В изображении бога у Вольтера важно то, что наряду с ним поэт ставит человека как явление, хотя и более слабое, беспомощное, но столь же существенное. В «Поэме о лиссабонском землетрясении» поэт признается не только в своем уважении к богу, но и в своей любви ко вселенной, т. е. в любви, в «жалости» к человеку. При этом в человеке он подчеркивает его отличие от неодушевленной природы, от камней, от деревьев, не чувствующих тех ударов, которые наносят им сокрушающие их молнии и ветры, падающие на них утесы, подчеркивает сознание человека, его душу. Человек — это существо, обладающее душой, внутренним миром, чувствующее и страдающее; человек живет, ощущает, мыслит, способен владеть речью, мечтает о благе, сознает свое горе, может жаловаться на свою судьбу, просить у бога о защите.

«Поэме о лиссабонском землетрясении» неизменными законы природы, Вольтер не отказывается при этом от сочувствия страдающему человеку, против которого часто эти законы оказываются направленными. Он высоко ценит, как показывает вторая речь о человеке, свободу человеческих решений, подчеркивает в человеке, властвующем на земле и являющемся царем мысли, то, что он может приказывать морям, движению ветра, собственной мысли и своим желаниям. Он не желает видеть в человеке «мыслящий автомат, движимый божественной рукой», не желает признавать, что стремления и действия человека имеют свой источник вне его.

Именно из сочувствия к страдающему, чувствующему, сознающему человеку возникает выступление Вольтера против сторонников «старинной аксиомы», утверждающей, что «все — благо». Идея о том, что люди живут в мире организованном наилучшим образом, вызывает у него явное недоверие («Поэма о лиссабонском землетрясении»). Поэт признает «грустную» истину, свидетельствующую о том, что на земле имеется зло. Он считает мысль о том, что «все — благо», или оскорблением, нанесенным «скорбям нашей жизни» (предисловие к «Поэме о лиссабонском землетрясении»), или простой иллюзией («Поэма о лиссабонском землетрясении»). Он не отрицает существования зла в мире, бесконечного беспорядка и хаоса, несчастий.
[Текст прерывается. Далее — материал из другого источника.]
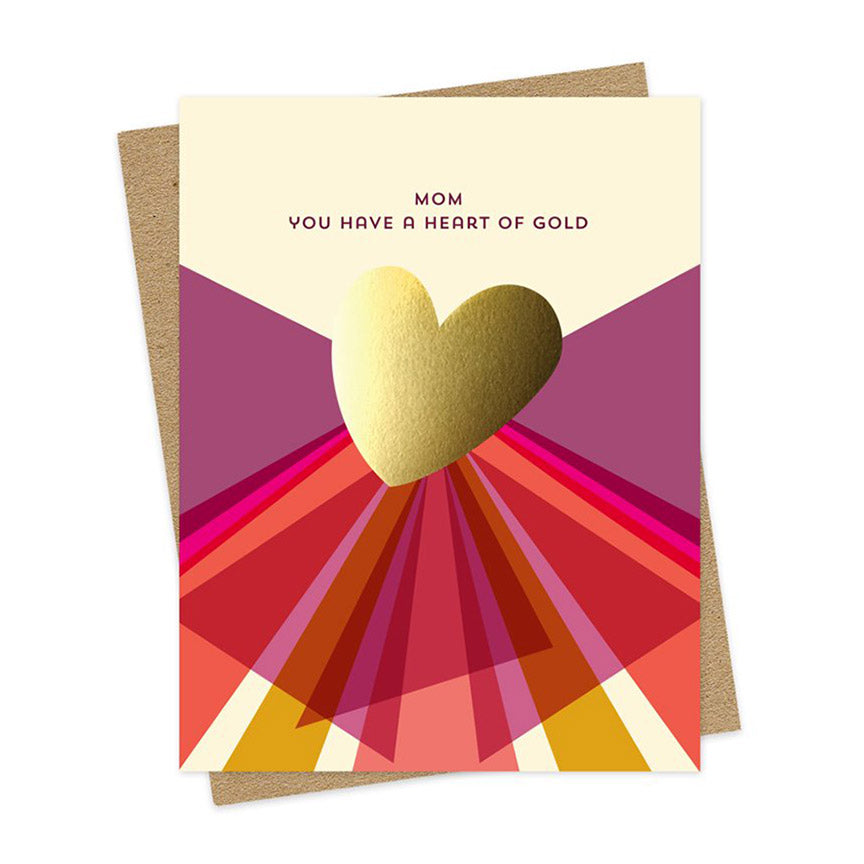 Heart of Gold Mom Card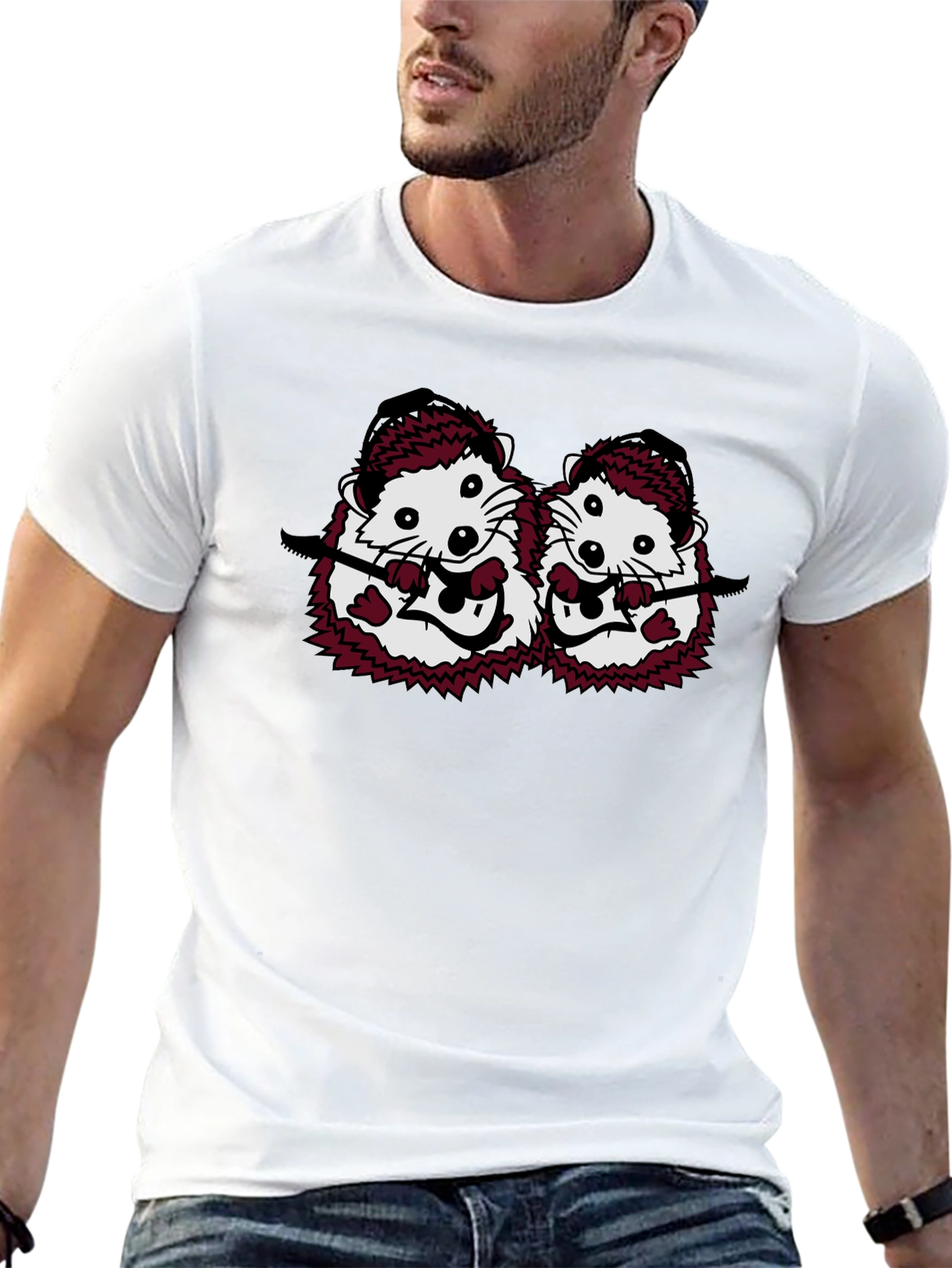 Whimsical Hedgehog Band T-Shirt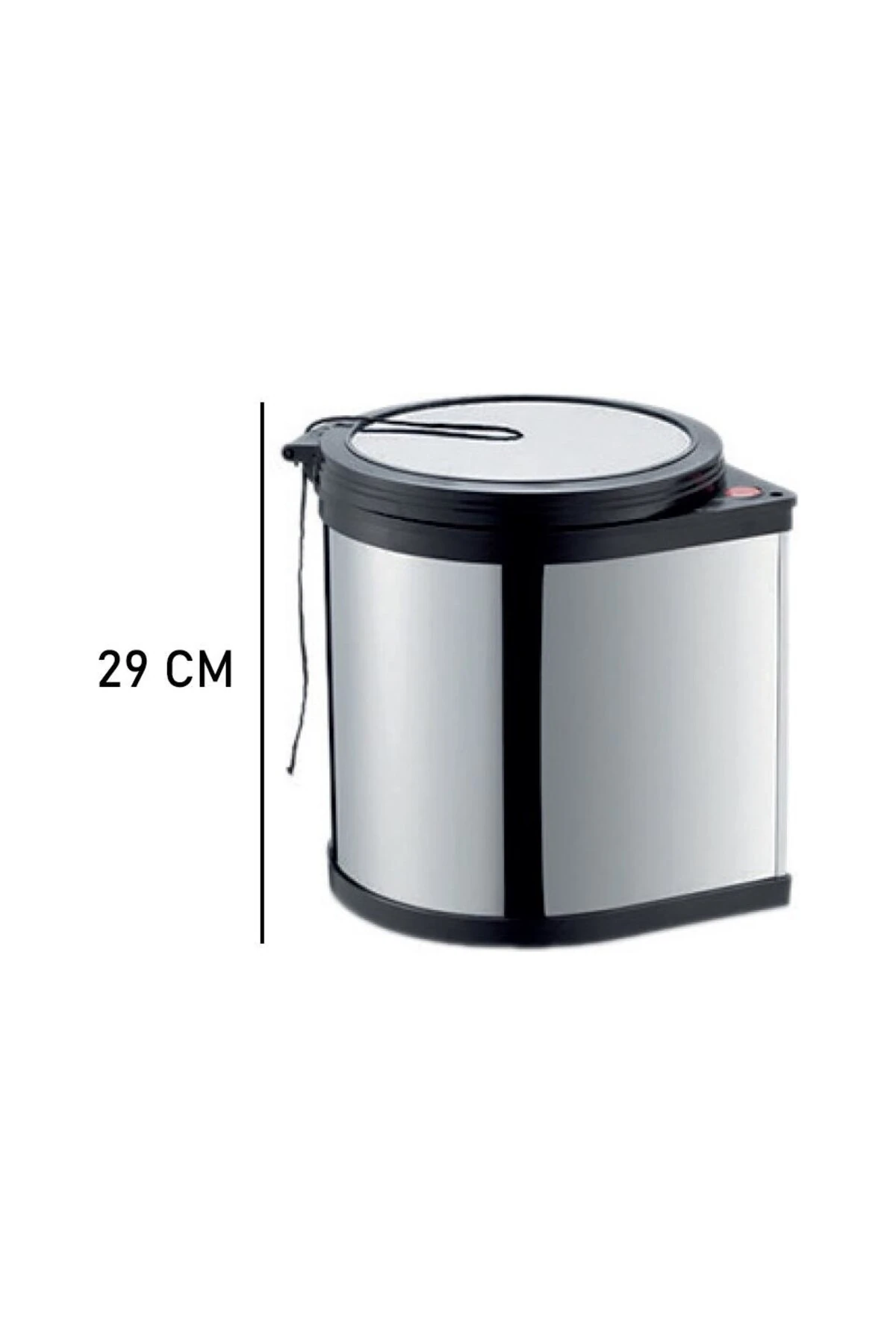 Dolap İçi Kapağa Monte Çöp Kovası 11 Litre Mutfak Tezgah Altı Paslanmaz Çelik Otomatik ekonomik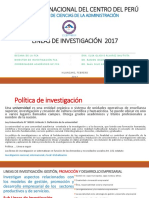 Lineas de Investigacion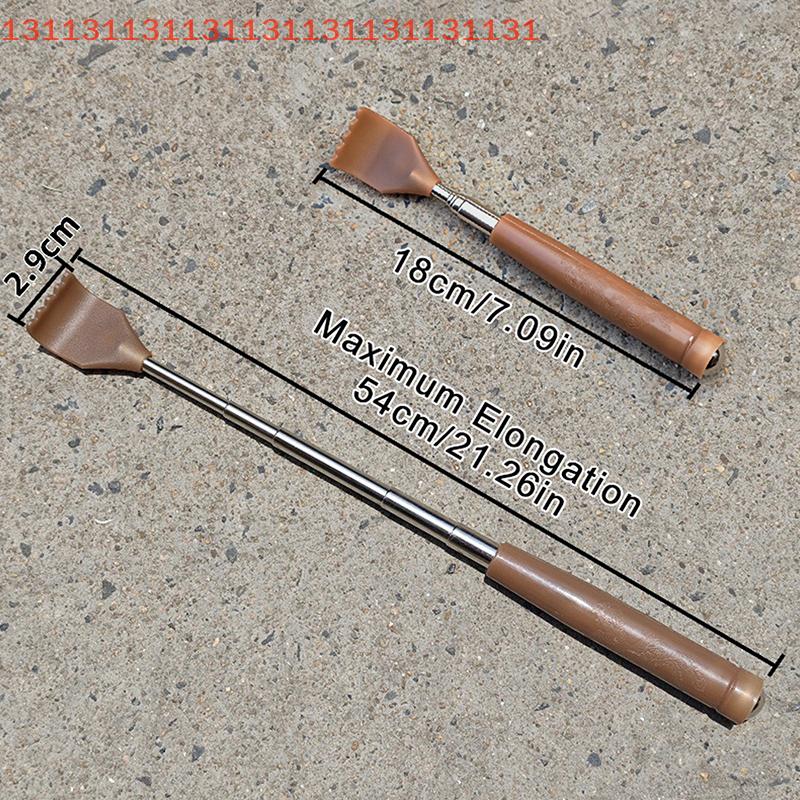 Rückenkratzer Ausziehbar Edelstahl Teleskopischer Kratz-Massagegerät Ausziehbar Teleskopisch Anti-Juckreiz Werkzeug Entspannen Rückenkralle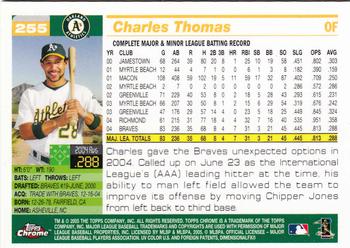 2005 Topps Chrome #255 Charles Thomas Back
Он убежден, что человек на земле окружен жестокостями судьбы, бешенством злодеев и кознями смерти.

Из сочувствия к человеку, к его унижениям, к его несчастиям, из образа человека-жертвы Вольтер исходит и в своем отрицании жанра сатиры (ср. пролог к поэме «Закон природы», а также «Послание к Буало»). Поэт высказывается против стремления Буало обидеть и унизить, против изображения им «скверного» и «печального» («Послание к Буало»). Он не желает огорчать самолюбие глупца, признается, что муза призывает его к более высоким занятиям, в частности к воспеванию добродетели, т. е. к воспеванию величия человека (пролог к «Поэме»). Вольтер считает, что поэзия не может ограничивать себя обличением отрицательного: не менее важно для нее воспевание позитивных явлений, уму необходимы «другие предметы». И он предлагает обратиться к глубинам нашего сердца, погрузиться в самого себя. Он полагает своей заслугой, что он не только выступал против гонителей, мелких тиранов, богатых скупцов, клеветников, доносчиков, но, что он преследовал их во имя веротерпимости, в пользу бедняков, невинных, несчастных, в защиту вдов, сирот, безутешных семейств, и вспоминает при этом Сервета («Послание к Буало»).

Сочувствие к человеку — жертве жестоких законов необходимости — приводит Вольтера в «Поэме о лиссабонском землетрясении» и к мыслям о надежде, о будущем, о том, что «однажды» или «когда-нибудь» все станет благом. Мысль о будущем определяет и вольтеровскую оду «О прошлом и будущем» (1775). В ней недаром вся история человечества, все прошлое трактуется как цепь бесконечных преступлений, насилий, жестокостей, кровопролитий. И в то же время поэт созерцает здесь блестящую утреннюю зарю, которая возвещает прекрасные дни, рождение нового мира.